• [WHAT THE TASK ASKS] Go through the records below from the first line and print each one exactly, stopping after the line that contains "Madpet City Pet". Do not print pictures or anything past that line.

• [PROVIDED DATA]
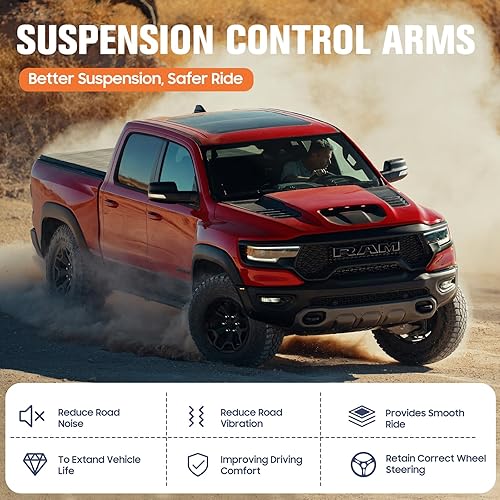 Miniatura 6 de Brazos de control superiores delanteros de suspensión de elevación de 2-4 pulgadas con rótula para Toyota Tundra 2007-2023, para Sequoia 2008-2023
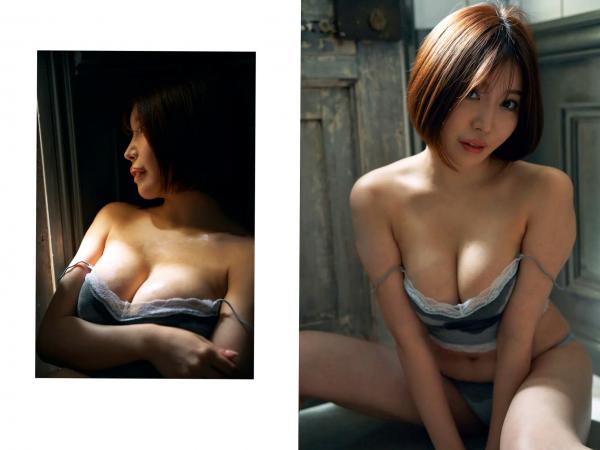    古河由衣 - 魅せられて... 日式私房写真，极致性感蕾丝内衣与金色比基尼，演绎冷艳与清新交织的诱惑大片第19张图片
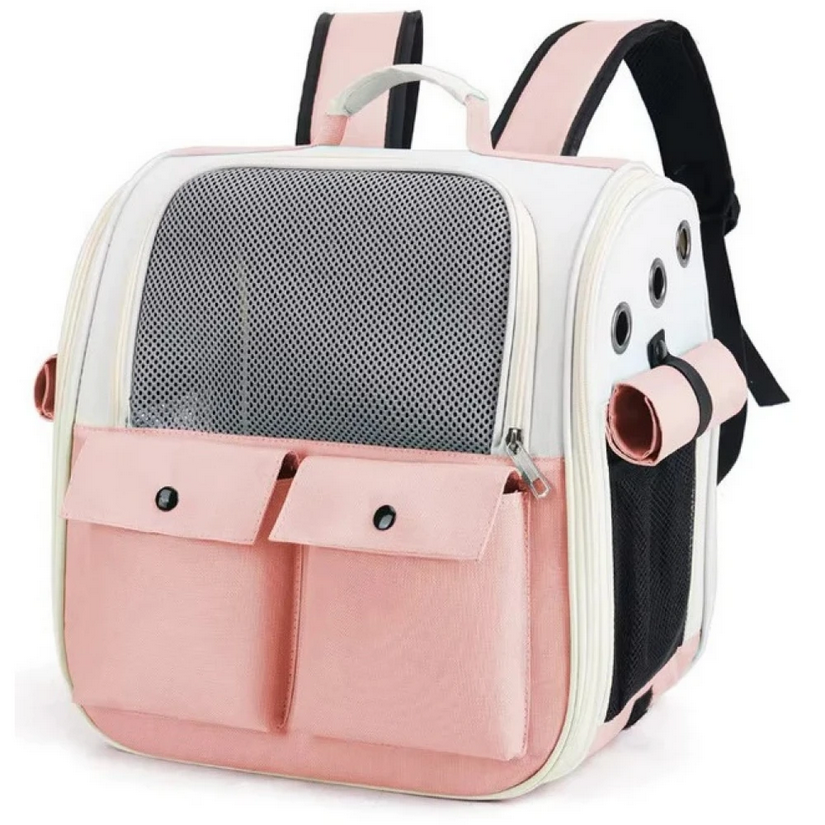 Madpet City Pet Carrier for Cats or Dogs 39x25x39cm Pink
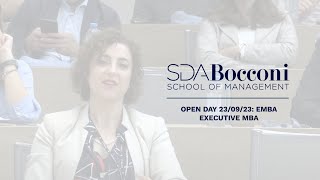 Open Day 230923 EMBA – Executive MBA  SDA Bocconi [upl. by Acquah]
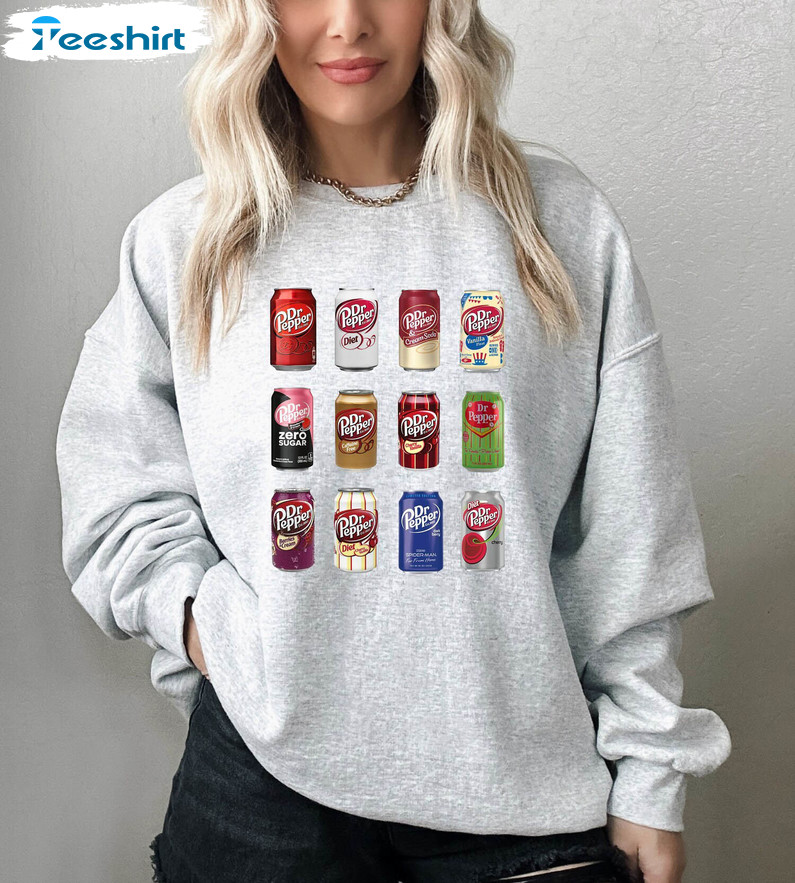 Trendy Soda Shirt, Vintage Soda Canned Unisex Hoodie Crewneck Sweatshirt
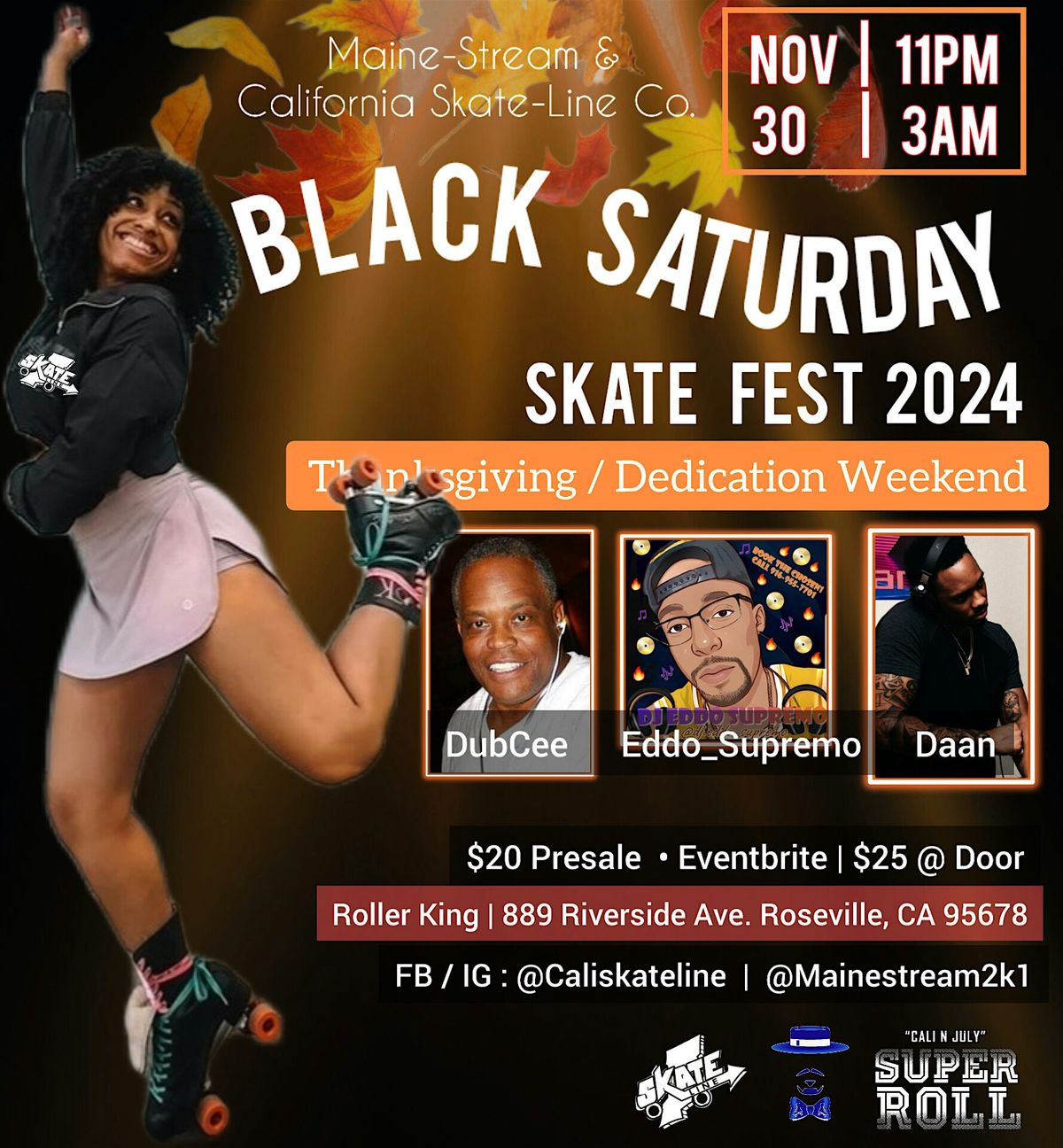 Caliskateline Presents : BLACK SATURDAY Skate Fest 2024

• [OUTPUT]
 Miniatura 6 de Brazos de control superiores delanteros de suspensión de elevación de 2-4 pulgadas con rótula para Toyota Tundra 2007-2023, para Sequoia 2008-2023
    古河由衣 - 魅せられて... 日式私房写真，极致性感蕾丝内衣与金色比基尼，演绎冷艳与清新交织的诱惑大片第19张图片
 Madpet City Pet Carrier for Cats or Dogs 39x25x39cm Pink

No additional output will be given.